Role of economic theory in macroeconometrics

The Cowles Commission research agenda focused on simultaneous equation models (SEMs) and put much weight on the issue of identification. In dealing with these issues, economic theory plays an important part. The prominent representative of this tradition, Lawrence Klein, writes in a very readable survey of the interaction between statistics and economics in the context of macro­econometric modelling (Klein 1988) that the model building approach can be contrasted to pure statistical analysis, which is empirical and not so closely related to received economic theory as is model building.

Still, it is on this score the traditional macroeconomic model building has come under attack (see Favero 2001). Whereas the LSE methodology largely ascribes the failure of those early macroeconomic models to missing dynamics or model mis-specification (omitted energy price effects), other critiques like Robert Lucas and Christopher Sims have claimed that the cause is rather that they had a weak theoretical basis.

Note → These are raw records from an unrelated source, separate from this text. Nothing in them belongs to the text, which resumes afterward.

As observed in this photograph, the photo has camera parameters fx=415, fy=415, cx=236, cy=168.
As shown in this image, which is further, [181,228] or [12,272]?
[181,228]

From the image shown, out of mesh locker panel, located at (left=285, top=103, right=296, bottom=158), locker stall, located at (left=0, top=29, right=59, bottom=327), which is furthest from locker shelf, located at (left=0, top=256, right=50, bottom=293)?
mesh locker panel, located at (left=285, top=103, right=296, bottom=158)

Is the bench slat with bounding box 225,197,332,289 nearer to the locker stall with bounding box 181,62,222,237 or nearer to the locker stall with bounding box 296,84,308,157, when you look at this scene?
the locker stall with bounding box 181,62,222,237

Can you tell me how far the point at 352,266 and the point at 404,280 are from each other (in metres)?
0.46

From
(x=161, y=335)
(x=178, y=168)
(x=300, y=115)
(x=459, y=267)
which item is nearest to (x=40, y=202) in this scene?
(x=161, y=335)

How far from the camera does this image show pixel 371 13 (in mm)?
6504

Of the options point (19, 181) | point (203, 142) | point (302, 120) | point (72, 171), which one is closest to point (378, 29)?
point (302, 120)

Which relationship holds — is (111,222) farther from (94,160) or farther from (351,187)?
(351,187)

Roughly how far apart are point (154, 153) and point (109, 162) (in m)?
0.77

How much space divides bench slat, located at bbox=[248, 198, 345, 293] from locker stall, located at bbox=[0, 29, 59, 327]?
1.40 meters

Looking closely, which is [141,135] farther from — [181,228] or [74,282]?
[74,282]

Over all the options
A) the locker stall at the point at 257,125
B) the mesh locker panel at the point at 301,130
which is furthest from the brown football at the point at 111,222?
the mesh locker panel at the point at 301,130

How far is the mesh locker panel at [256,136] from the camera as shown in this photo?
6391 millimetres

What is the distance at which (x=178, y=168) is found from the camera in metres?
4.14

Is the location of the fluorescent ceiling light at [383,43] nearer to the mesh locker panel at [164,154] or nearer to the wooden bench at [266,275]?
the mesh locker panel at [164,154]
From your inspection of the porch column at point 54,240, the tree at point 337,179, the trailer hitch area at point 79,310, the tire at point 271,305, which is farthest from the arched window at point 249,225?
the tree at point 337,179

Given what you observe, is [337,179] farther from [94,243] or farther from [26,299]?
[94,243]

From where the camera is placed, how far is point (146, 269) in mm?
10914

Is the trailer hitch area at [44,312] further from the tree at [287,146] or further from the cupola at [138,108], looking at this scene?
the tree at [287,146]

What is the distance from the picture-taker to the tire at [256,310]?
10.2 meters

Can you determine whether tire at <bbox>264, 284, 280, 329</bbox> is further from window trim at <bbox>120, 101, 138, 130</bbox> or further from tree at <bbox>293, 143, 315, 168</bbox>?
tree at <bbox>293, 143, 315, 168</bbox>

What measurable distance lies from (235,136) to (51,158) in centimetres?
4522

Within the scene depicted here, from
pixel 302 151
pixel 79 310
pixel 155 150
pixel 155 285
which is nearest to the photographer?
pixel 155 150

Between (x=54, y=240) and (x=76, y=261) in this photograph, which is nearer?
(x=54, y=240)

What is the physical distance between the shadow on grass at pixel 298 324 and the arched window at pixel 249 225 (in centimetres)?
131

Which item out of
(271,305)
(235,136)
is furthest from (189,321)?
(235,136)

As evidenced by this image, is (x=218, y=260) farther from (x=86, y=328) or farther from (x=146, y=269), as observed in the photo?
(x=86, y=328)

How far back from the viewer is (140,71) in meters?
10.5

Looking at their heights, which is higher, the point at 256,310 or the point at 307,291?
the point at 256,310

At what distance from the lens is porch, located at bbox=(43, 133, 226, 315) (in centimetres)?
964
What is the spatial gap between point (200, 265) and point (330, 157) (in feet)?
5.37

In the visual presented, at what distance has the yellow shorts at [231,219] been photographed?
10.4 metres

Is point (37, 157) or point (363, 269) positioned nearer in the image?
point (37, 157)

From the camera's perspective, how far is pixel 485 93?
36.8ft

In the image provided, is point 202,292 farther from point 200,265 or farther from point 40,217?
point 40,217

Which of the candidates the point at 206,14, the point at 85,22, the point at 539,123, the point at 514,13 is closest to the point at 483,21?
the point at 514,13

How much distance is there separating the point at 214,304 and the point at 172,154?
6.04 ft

The Lucas critique (see, for example, Lucas 1976) claims that the failure of conditional models is caused by regime shifts, as a result of policy changes and shifts in expectations. The critique carries over to SEMs if expectations are non-modelled. On the other hand, Sims (1980) argued that SEMs embodied ‘incredible’ identifying restrictions: the restric­tions needed to claim exogeneity for certain variables would not be valid in an environment where agents optimise intertemporally.

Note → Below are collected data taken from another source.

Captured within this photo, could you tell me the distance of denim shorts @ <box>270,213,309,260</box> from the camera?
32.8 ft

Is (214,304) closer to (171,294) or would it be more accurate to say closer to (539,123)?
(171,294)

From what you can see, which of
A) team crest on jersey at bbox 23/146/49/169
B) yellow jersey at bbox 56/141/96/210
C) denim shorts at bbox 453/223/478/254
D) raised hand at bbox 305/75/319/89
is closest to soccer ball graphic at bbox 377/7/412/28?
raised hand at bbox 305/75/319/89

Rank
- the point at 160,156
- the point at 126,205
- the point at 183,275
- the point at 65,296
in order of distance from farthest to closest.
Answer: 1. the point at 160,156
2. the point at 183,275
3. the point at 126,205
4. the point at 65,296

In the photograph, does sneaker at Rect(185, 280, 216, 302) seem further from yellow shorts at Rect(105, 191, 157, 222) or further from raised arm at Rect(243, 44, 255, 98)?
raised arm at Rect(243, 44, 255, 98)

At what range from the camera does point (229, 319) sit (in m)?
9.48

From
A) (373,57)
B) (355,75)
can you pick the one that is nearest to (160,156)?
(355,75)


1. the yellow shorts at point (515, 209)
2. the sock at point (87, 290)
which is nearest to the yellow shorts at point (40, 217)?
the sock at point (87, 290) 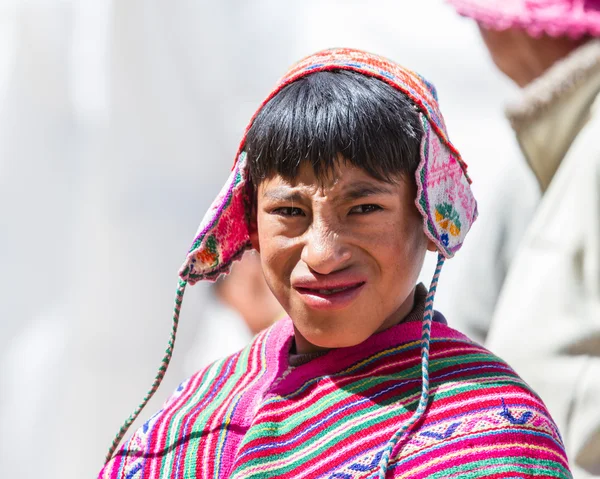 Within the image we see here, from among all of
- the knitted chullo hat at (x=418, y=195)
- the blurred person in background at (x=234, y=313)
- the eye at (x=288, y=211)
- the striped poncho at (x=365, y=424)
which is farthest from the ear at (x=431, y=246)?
the blurred person in background at (x=234, y=313)

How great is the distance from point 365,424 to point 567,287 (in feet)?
2.88

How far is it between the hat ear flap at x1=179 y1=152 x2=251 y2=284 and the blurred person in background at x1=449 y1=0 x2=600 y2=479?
2.68 ft

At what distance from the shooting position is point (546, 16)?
240 cm

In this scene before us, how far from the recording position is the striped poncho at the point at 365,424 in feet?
4.66

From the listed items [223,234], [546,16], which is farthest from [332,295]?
[546,16]

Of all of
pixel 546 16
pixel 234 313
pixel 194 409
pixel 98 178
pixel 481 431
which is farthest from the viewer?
pixel 234 313

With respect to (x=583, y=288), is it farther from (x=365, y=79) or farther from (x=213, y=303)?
(x=213, y=303)

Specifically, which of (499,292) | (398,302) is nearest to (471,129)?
(499,292)

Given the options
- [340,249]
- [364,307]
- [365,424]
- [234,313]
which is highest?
[340,249]

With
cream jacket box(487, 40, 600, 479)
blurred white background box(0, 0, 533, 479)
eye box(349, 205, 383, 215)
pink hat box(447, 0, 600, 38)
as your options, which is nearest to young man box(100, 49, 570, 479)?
eye box(349, 205, 383, 215)

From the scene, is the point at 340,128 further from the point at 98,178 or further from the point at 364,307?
the point at 98,178

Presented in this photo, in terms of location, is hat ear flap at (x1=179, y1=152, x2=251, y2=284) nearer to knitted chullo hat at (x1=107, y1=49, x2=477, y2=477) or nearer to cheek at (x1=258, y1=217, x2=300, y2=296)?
knitted chullo hat at (x1=107, y1=49, x2=477, y2=477)

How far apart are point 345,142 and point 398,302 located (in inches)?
12.8

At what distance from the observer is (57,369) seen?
12.4 ft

Sims instead advocated the use of a low-order vector autoregression to ana­lyse economic time-series. This approach appeared to have the advantage that it did not depend on an ‘arbitrary’ division between exogenous and endogenous variables and also did not require ‘incredible’ identifying restrictions. Instead Sims introduced identifying restrictions on the error structure of the model, and this approach has been criticised for being equally arbitrary. Later devel­opments have led to structural VAR models in which cointegration defines long-run relationships between non-stationary variables and where exogenous variables are reintroduced (see Pesaran and Smith 1998 for a survey in which they reanalyse an early model by King et al. 1991).[7]

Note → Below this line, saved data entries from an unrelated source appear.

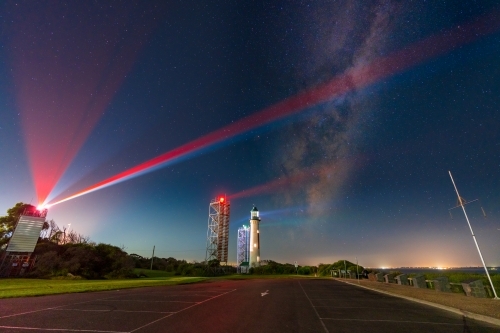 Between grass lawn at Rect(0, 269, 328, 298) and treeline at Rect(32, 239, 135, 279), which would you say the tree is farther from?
grass lawn at Rect(0, 269, 328, 298)

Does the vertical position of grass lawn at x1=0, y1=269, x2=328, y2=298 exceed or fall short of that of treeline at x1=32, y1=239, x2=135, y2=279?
it falls short

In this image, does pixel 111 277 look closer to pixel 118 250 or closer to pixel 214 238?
pixel 118 250

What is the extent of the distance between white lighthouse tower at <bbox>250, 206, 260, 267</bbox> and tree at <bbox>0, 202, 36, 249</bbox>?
59104mm

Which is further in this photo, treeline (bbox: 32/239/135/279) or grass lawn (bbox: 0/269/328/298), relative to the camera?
treeline (bbox: 32/239/135/279)

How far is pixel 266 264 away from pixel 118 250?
50639 millimetres

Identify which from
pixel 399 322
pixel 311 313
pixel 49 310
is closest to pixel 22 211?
pixel 49 310

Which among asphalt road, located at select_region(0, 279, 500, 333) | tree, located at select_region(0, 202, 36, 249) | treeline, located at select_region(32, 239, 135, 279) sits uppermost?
tree, located at select_region(0, 202, 36, 249)

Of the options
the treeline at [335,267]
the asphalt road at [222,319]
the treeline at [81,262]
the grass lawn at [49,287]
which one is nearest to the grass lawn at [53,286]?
the grass lawn at [49,287]

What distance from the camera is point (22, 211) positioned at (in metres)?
44.9

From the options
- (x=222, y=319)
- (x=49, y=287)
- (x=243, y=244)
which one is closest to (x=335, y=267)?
(x=243, y=244)

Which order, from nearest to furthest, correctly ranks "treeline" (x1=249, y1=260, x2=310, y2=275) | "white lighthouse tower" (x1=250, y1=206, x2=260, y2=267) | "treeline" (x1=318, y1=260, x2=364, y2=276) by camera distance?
1. "treeline" (x1=318, y1=260, x2=364, y2=276)
2. "treeline" (x1=249, y1=260, x2=310, y2=275)
3. "white lighthouse tower" (x1=250, y1=206, x2=260, y2=267)

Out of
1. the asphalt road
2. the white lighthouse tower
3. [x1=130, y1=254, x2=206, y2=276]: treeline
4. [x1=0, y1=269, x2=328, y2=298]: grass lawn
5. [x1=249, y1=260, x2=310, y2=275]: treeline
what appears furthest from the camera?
the white lighthouse tower

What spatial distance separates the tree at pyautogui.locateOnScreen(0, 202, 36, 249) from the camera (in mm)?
40606

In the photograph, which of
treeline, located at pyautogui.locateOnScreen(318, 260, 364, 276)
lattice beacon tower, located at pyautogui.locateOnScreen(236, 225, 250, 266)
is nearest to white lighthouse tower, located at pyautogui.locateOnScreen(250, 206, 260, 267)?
lattice beacon tower, located at pyautogui.locateOnScreen(236, 225, 250, 266)
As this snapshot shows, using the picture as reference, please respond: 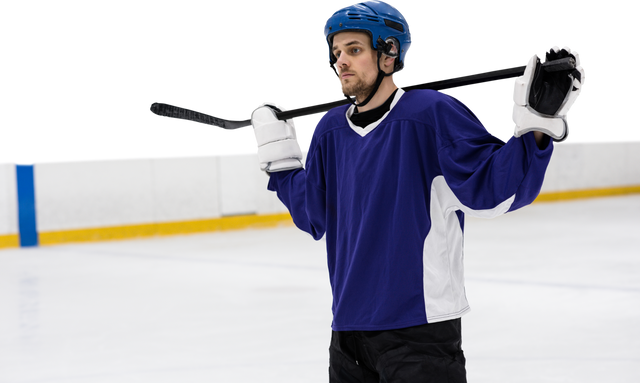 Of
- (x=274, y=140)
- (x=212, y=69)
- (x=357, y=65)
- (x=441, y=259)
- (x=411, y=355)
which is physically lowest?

Ever since the Keynes-Tinbergen controversy (see Morgan 1990 and Hendry and Morgan 1995), the role of theory in model specification has represented a major controversy in econometrics (cf. Granger 1990, 1999 for recent surveys). At one end of the theory-empiricism line we have theory-driven models that take the received theory for granted, and do not test it. Prominent examples are the general equilibrium models, dubbed real business cycle models, that have gained a dominating position in academia (see, for example, Kydland and Prescott 1991). There is also a new breed of macroeconometric mod­els which assume intertemporally optimising agents endowed with rational forward-looking expectations, leading to a set of Euler equations (see Poloz et al. 1994, Willman et al. 2000, Hunt et al. 2000, and Nilsson 2002 for models from the central banks of Canada, Finland, New Zealand, and Sweden, respec­tively). At another extreme we have data based VAR models which initially were statistical devices that made only minimal use of economic theory. As noted above, in the less extreme case of structural VARs, theory restrictions can be imposed as testable cointegrating relationships in levels or they can be imposed on the error structure of the model.

The approach we are advocating has much in common with the LSE methodology referred to above, and it focuses on evaluation as recommended in Granger (1999). It represents a compromise between data based (purely stat­istical) models and economic theory: on the one hand learning from the process of trying to take serious account of the data, while on the other hand avoiding making strong theoretical assumptions—needed to make theories ‘complete’— which may not make much sense empirically, that is, that are not supported by the data.[8] Moreover, there are common-sense arguments in favour of not adopt­ing a theory-driven model as a basis for policy decisions, which indeed affect reality, until it has gained convincing empirical support (see Granger 1992).